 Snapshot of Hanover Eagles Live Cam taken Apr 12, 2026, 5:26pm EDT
###
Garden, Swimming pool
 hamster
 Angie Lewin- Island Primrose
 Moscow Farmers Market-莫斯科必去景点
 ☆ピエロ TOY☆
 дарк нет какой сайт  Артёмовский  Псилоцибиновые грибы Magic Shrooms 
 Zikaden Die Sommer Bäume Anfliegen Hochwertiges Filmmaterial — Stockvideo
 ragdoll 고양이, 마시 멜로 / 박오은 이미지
###
* Requirement
Please transcribe exactly the lines above from the line that has "Moscow Farmers Market-莫斯科必去景点" up to and including the line that has "ragdoll 고양이, 마시 멜로 / 박오은 이미지"; no other line belongs in the answer.

* Answer space
 Moscow Farmers Market-莫斯科必去景点
 ☆ピエロ TOY☆
 дарк нет какой сайт  Артёмовский  Псилоцибиновые грибы Magic Shrooms 
 Zikaden Die Sommer Bäume Anfliegen Hochwertiges Filmmaterial — Stockvideo
 ragdoll 고양이, 마시 멜로 / 박오은 이미지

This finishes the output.